Segment Start: Provided records

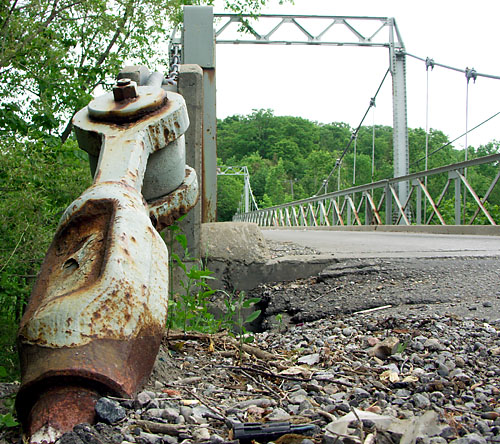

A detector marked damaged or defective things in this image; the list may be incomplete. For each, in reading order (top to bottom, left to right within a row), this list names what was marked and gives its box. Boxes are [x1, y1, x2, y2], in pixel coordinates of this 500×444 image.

rusty fire hydrant [16, 69, 198, 444]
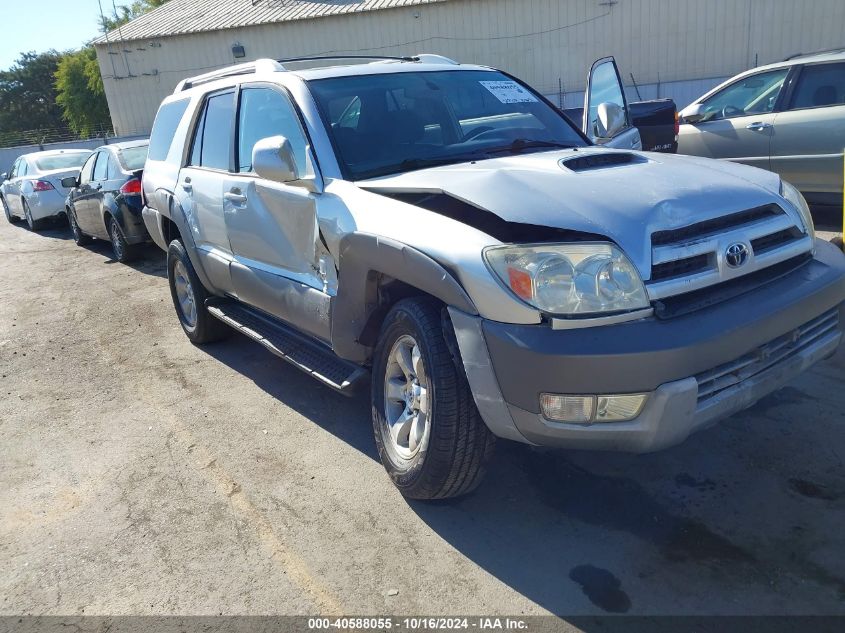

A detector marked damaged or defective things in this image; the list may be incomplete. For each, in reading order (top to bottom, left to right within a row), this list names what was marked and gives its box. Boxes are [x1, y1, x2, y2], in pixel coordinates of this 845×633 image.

damaged front hood [360, 148, 780, 276]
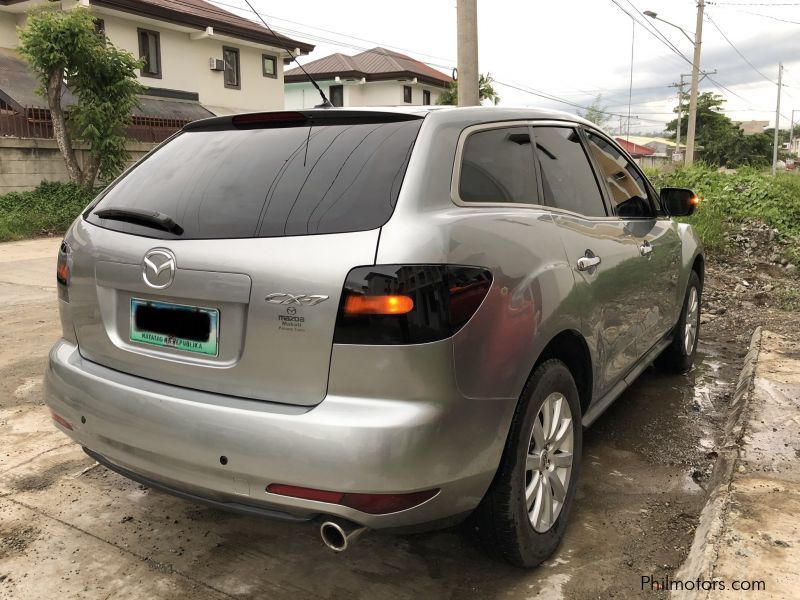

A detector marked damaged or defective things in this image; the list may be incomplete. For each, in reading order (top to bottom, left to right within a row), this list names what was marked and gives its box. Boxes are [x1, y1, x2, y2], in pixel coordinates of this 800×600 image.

crack in pavement [1, 494, 239, 600]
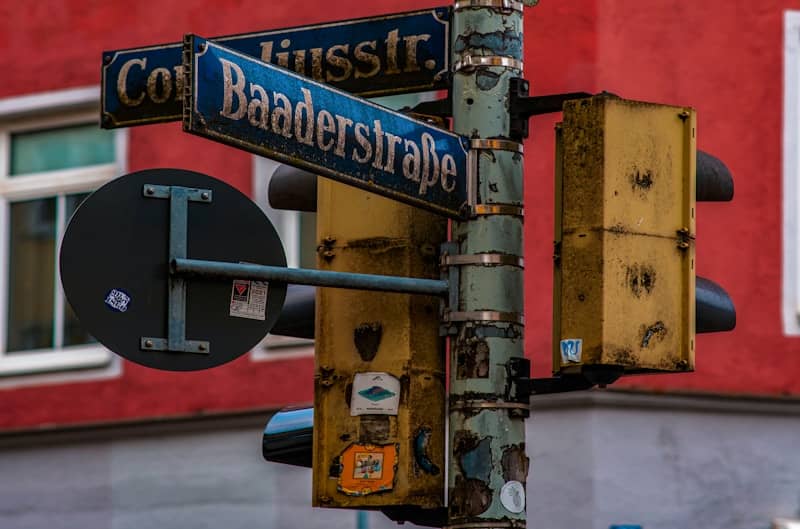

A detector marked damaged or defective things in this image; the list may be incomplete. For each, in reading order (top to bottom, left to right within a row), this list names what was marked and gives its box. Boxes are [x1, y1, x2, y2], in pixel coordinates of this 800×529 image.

chipped paint on pole [446, 2, 528, 524]
rusty metal pole [450, 1, 532, 528]
rust stains on metal [624, 264, 656, 296]
rust stains on metal [354, 320, 382, 360]
rust stains on metal [636, 320, 668, 348]
rust stains on metal [504, 442, 528, 482]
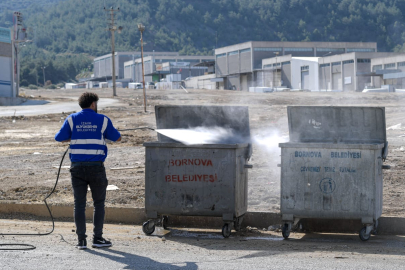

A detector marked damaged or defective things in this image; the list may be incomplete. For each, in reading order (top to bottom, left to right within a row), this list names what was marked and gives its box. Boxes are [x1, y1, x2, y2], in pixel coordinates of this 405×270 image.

rusty metal panel [144, 143, 248, 219]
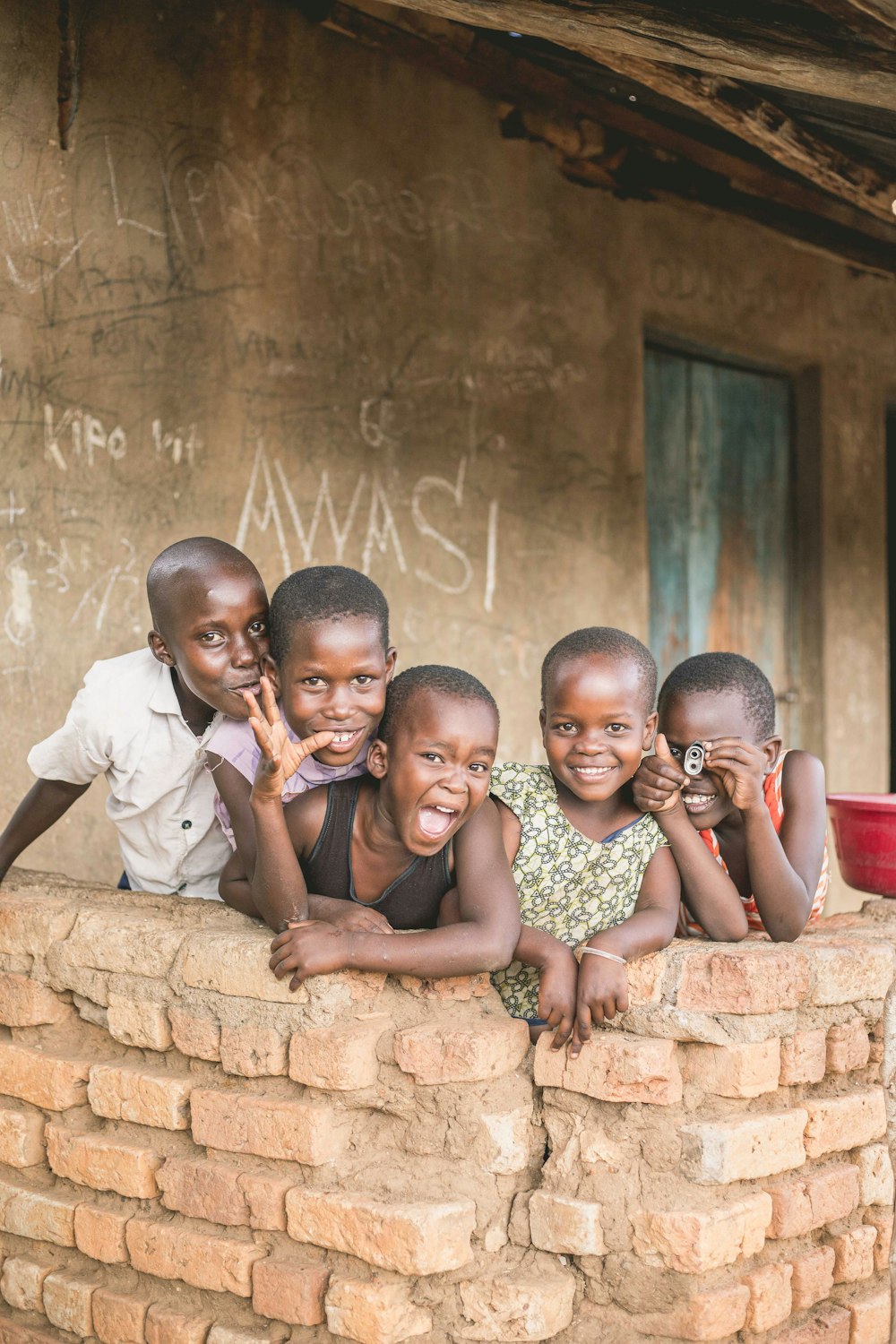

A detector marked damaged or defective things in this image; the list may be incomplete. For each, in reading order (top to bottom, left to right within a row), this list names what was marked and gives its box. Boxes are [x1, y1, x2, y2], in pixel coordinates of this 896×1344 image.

peeling turquoise paint on door [644, 347, 789, 742]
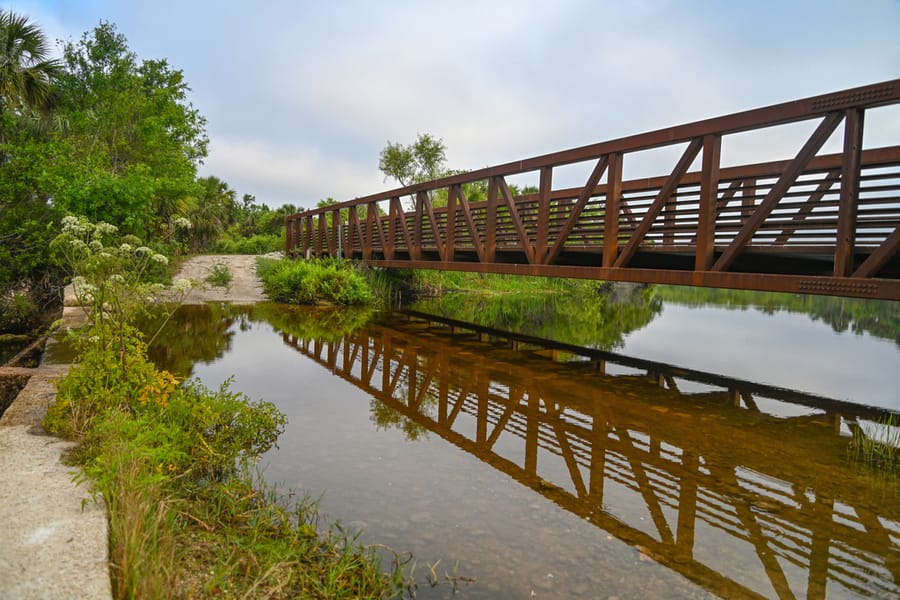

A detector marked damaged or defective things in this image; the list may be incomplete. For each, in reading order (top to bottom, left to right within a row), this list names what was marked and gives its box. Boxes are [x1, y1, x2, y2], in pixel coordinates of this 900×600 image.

rusted steel bridge [286, 81, 900, 300]
rusted steel bridge [282, 314, 900, 600]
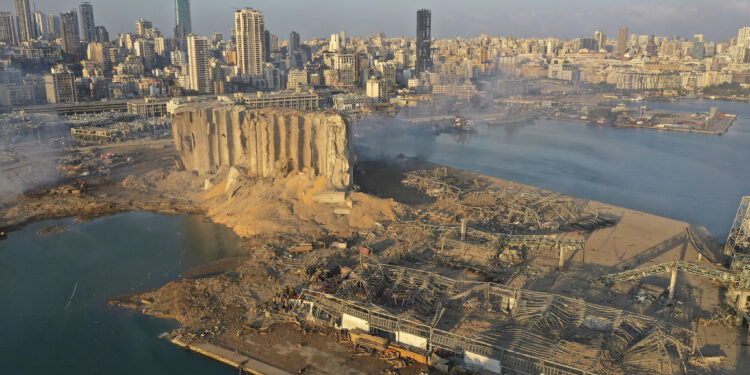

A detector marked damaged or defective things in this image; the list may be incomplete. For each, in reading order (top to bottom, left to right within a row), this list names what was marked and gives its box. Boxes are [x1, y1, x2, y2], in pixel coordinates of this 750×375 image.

broken wall [173, 104, 356, 189]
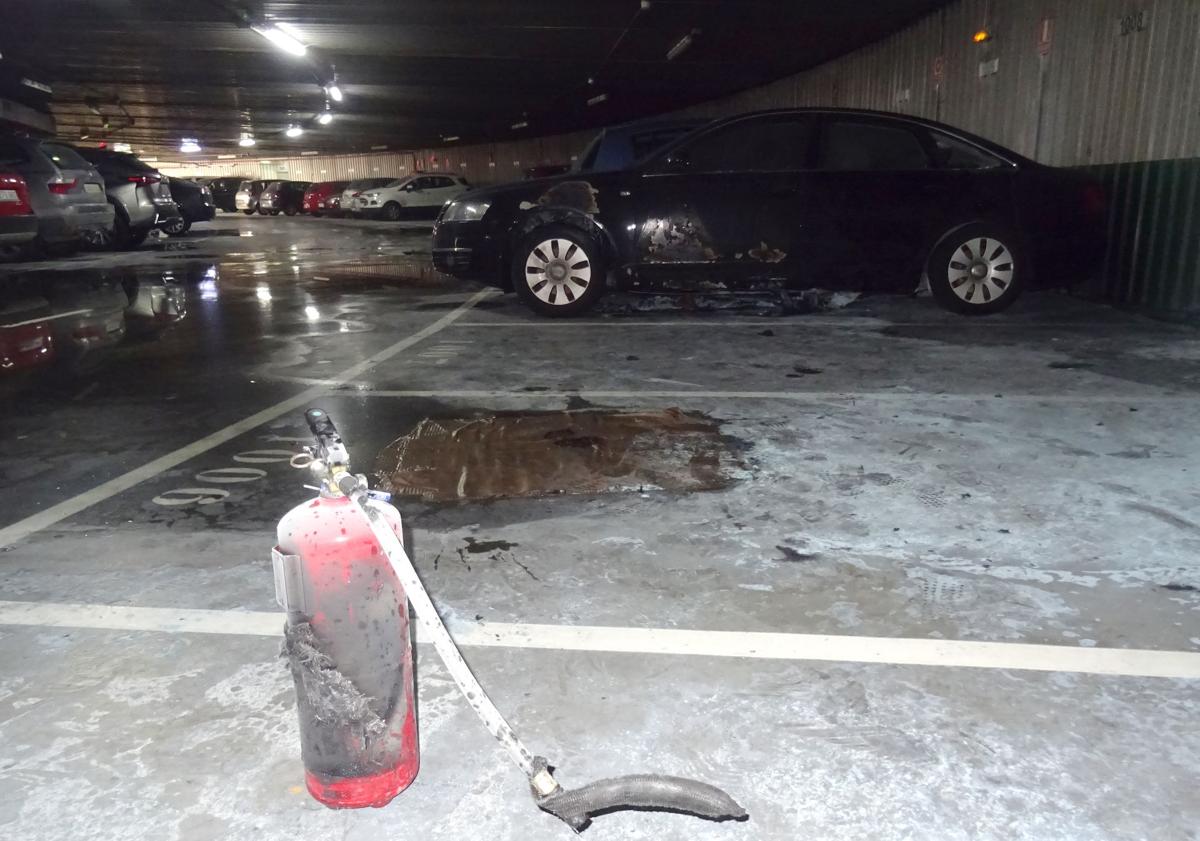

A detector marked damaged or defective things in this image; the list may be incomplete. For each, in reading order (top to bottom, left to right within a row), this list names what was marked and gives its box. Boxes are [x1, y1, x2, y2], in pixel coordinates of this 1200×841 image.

fire-damaged black car [434, 106, 1104, 316]
sprinkler water damage [274, 410, 752, 832]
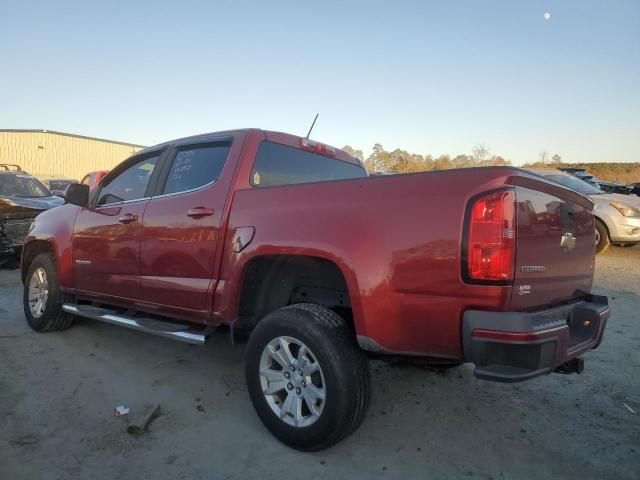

Segment End: Provided records

# What needs to be done:
Reproduce the span beginning at the line with "this 900×600 image." and ending at the last line of the entries above, inclusive, exactly as it stands. Exclude the pictures.

# Response for this exercise:
A detector marked damaged or defective things in this image; the list may be incomplete. For each, in reading order (top to bottom, left to right within a row), this list names what was marked and gives its box. Boxes are [x1, y1, x2, y2], in pixel coordinates of this 900×600 image.

rusted steel bridge [286, 81, 900, 300]
rusted steel bridge [282, 314, 900, 600]

A detector marked damaged or defective things in this image; the list may be incomplete. For each, in reading order (top to bottom, left to right within a row), this list names what was marked and gives its box. Boxes are [x1, y1, x2, y2], in pixel coordinates of this 750×375 image.

broken wall [173, 104, 356, 189]

A detector marked damaged or defective things in this image; the list may be incomplete. For each, in reading order (top to bottom, left to right within a row), this list names what was marked and gives its box. Boxes are [x1, y1, x2, y2], in pixel coordinates of this 1200×841 image.

fire-damaged black car [434, 106, 1104, 316]
sprinkler water damage [274, 410, 752, 832]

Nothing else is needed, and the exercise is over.